Liáng critic and poet, Zhòngwěi 仲偉, of Yǐngchuān 潁川 Chángshè 長社 (modern Chánggě 長葛, Hénán). With his elder brother Zhōng Yán 鍾岏 and younger brother Zhōng Yǔ 鍾嶼 he was renowned for learning. During the Southern Qí Yǒngmíng 永明 era (483–493) he entered the Guózǐ jiān (Imperial Academy); under Wáng Jiǎn’s 王儉 sponsorship he was selected xiùcái of his native province and rose to Wángguó shìláng (attendant in a princely establishment). Crossing into the Liáng he served successively as Wángguó shìláng, Wǎnlínglìng, and finally as Jìshì (recorder) to the Prince of Jìnān 晉安王 (the later Liáng Jiǎnwéndì 簡文帝 — though held under the prince during his Jīngzhōu commandery, not yet on the throne); he died in office. His brother Yán was author of Liángshū 49 records his biography; Nán shǐ 72 records both brothers.

Zhōng’s Shīpǐn 詩品 KR4i0003 (completed c. 513–517), the first systematic critical evaluation of Chinese poetry from the Hàn down to his own day, ranks 122 (variant 123) poets in five-character verse into upper, middle, and lower grades, prefacing each grade with a discursive introduction. It is — together with Liú Xié’s 劉勰 Wénxīn diāolóng KR4i0001 — one of the two foundational works of Chinese literary criticism.
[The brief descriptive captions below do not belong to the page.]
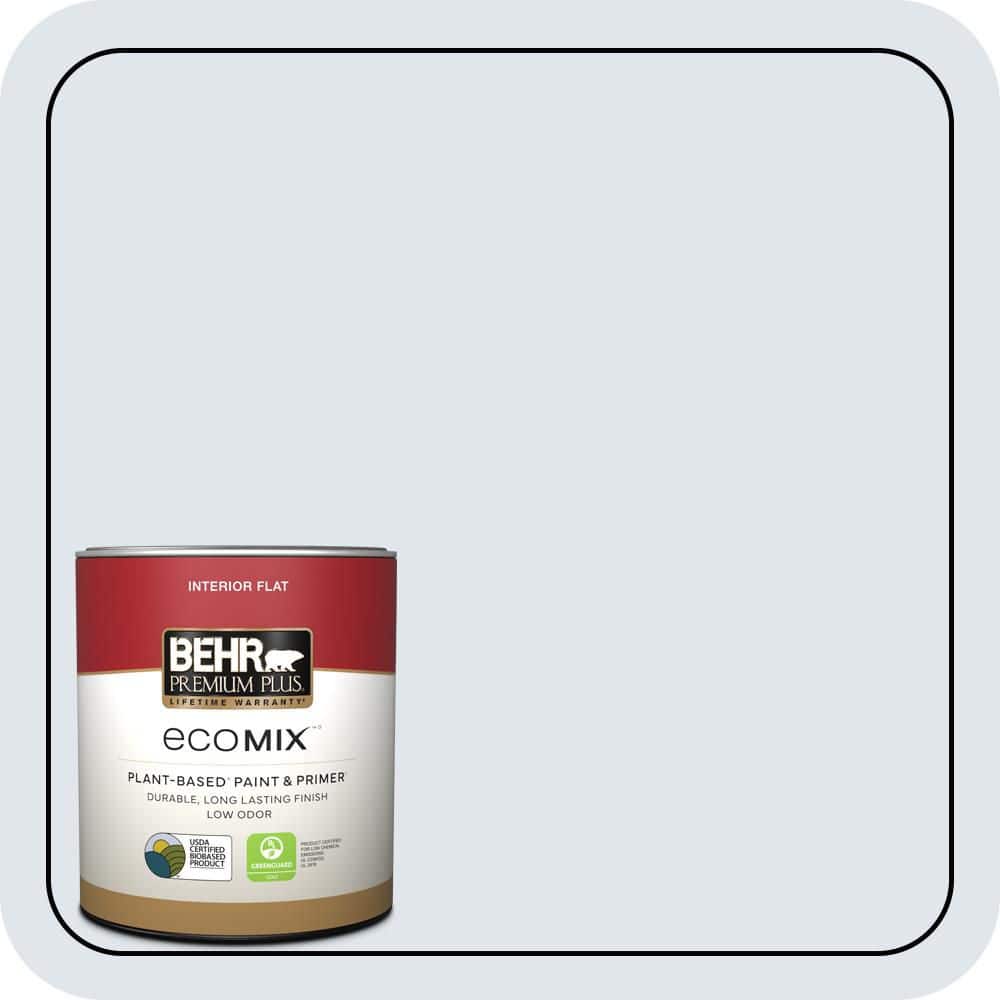 BEHR PREMIUM PLUS 1 qt. #590E-1 Lavender Ice Flat EcoMix Plant-Based Interior Paint & Primer (1)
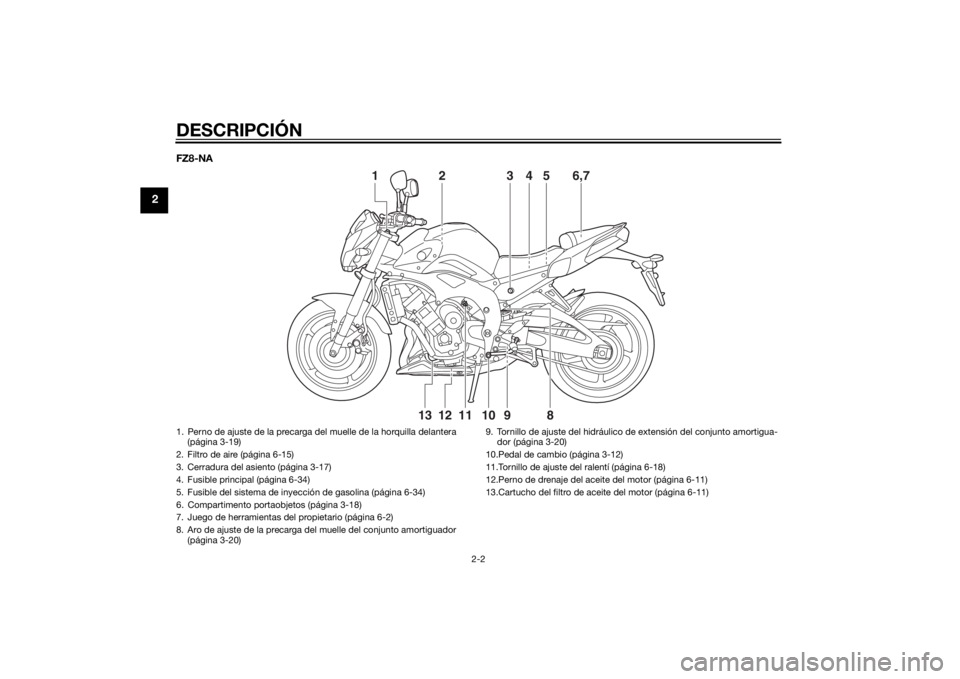 YAMAHA FZ8 N 2012 Manuale de Empleo (in Spanish) DESCRIPCIÓN
2-2
2
FZ8-NA
2
13 6,754
12
13 11 10 9
8
1. Perno de ajuste de la precarga del muelle de la horquilla delantera
(página 3-19)
2. Filtro de aire (página 6-15)
3. Cerradura del asiento (p YAMAHA FZ8 N 2012 Manuale de Empleo (in Spanish) DESCRIPCIÓN
2-2
2
FZ8-NA
2
13 6,754
12
13 11 10 9
8
1. Perno de ajuste de la precarga del muelle de la horquilla delantera
(página 3-19)
2. Filtro de aire (página 6-15)
3. Cerradura del asiento (p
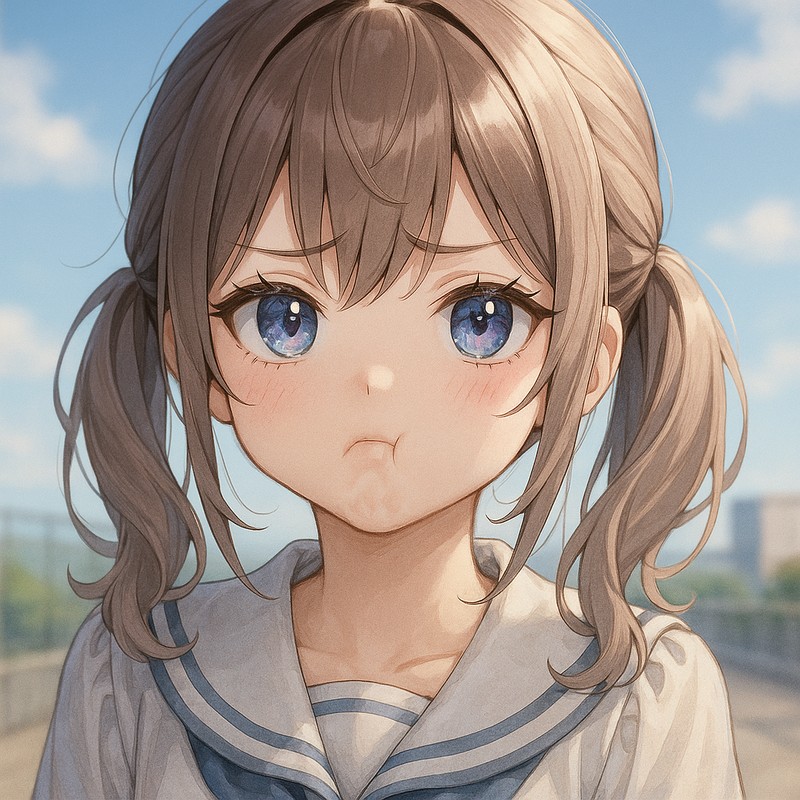 可愛い女の子のぷく口(膨れっ面)|AIイラストプロンプト紹介
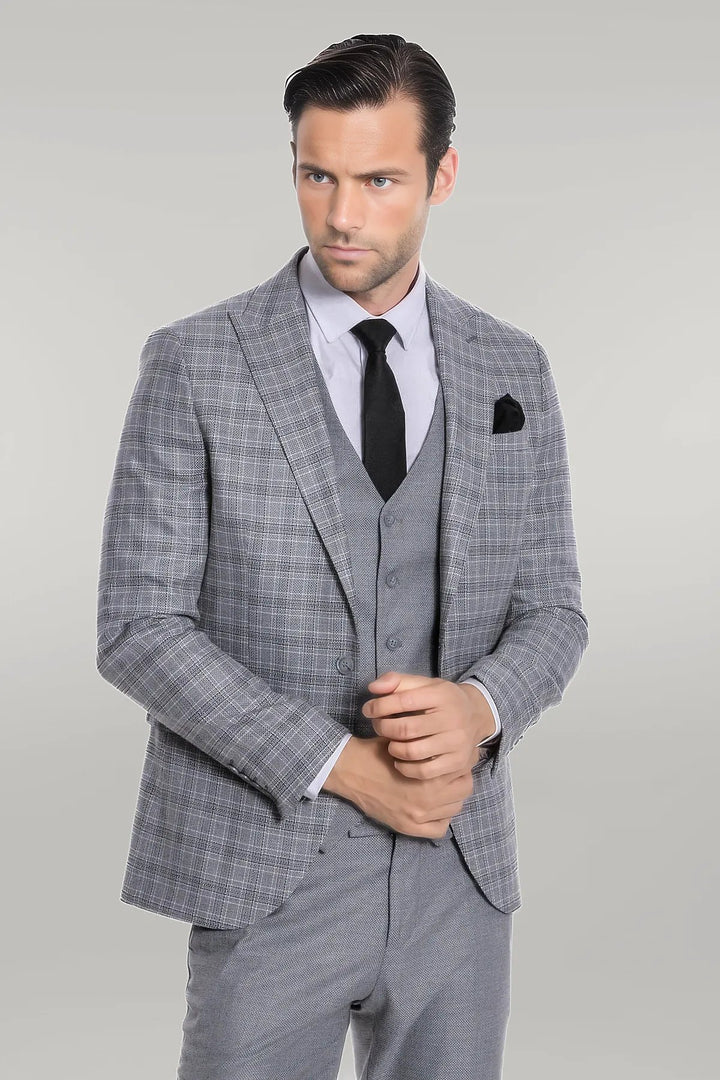 Checked Slim Fit Light Grey Men Suit - Wessi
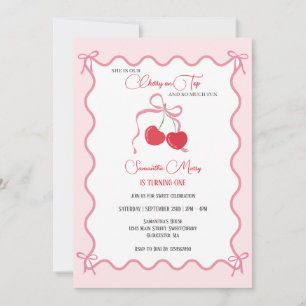 Invitation Chercher sur le dessus Bow rose 1er anniversaire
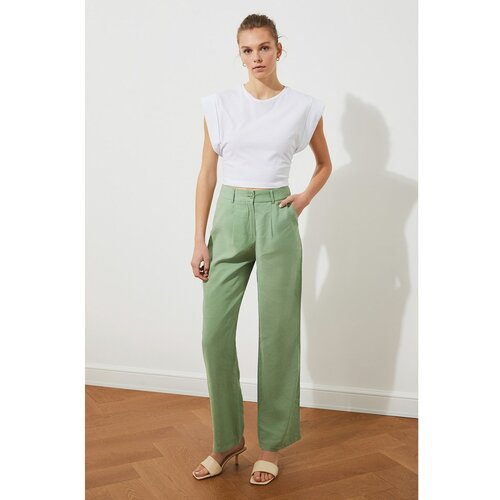 Trendyol Mint hlače visokog struka sive boje kaki | svijetlozelena Slike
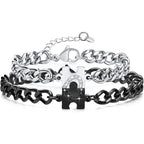 Puzzle Heart Matching Bracelets – Stainless Steel Couple Set, Promise Gift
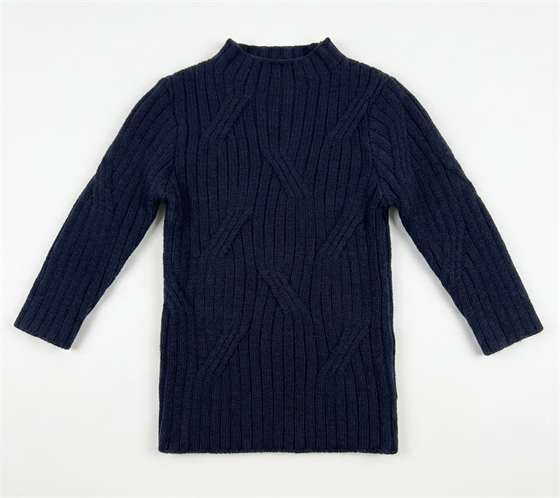 Rib Design Knit Mock Neck Top in Navy by Mr. Mr.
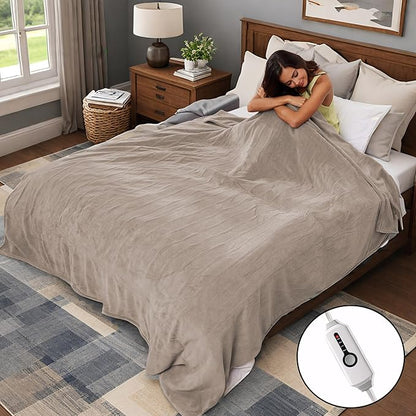 Electric Heated Blanket 84"x90" Queen Size, Soft Coral Fleece, Dual Controllers with 4 Heating Levels and 10 Hours Auto-Off, Machine Washable, Cozy Plush Fabric for Home, Light Brown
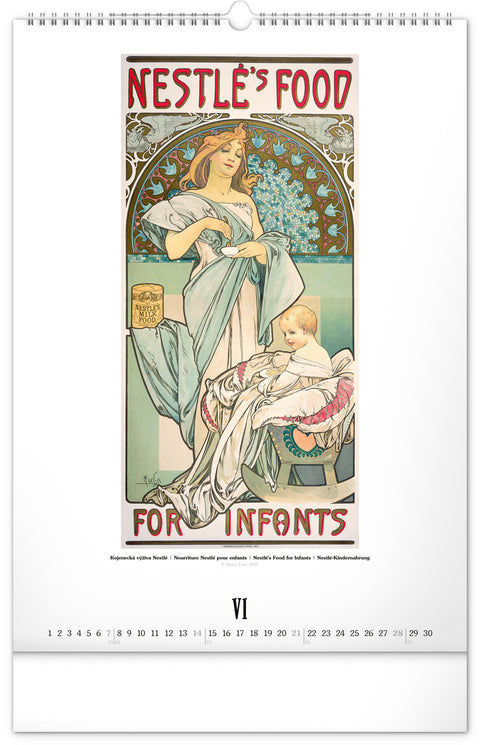 Wandkalender Alfons Mucha 2026, 33 x 46 cm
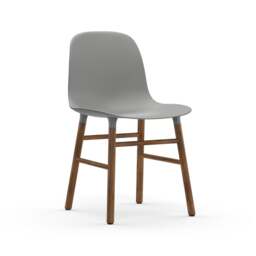 Normann Copenhagen Form Chair - Grey - Walnut Legs Shell Colour: Grey, Leg Colour: Walnut - thumbnail 1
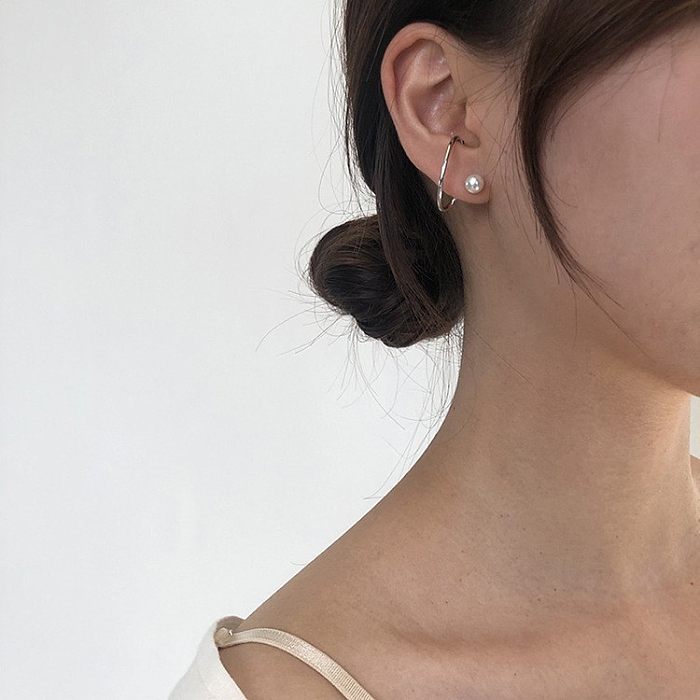 1 Pair Elegant Geometric Inlay Copper Artificial Pearls Ear Studs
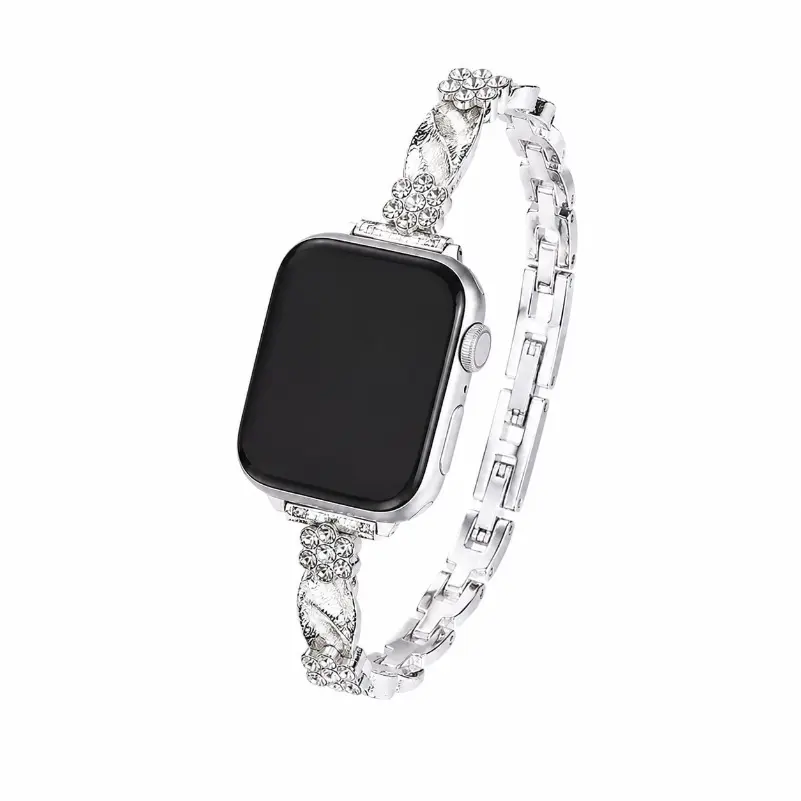 Floral Rhinestone Watch Band for Women, Decorative Silicone Smartwatch Strap, Adjustable & Lightweight Wearable for Daily Style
Wilkinson dates Zhōng to ca. 468–518; CBDB does not record him; his lifedates derive from his official career and from the Liáng shū notice. Western scholarship: Wixted in Early Medieval Chinese Texts: A Bibliographical Guide (IEAS, Berkeley, 2015); Brigitta Lee, Imitation, Remembrance and the Formation of the Poetic Past: Studies in the Early Medieval Chinese Reception of Tao Yuanming (Stanford, 2007); and Yeh’s translations in Wong Siu-kit and Lo (1996).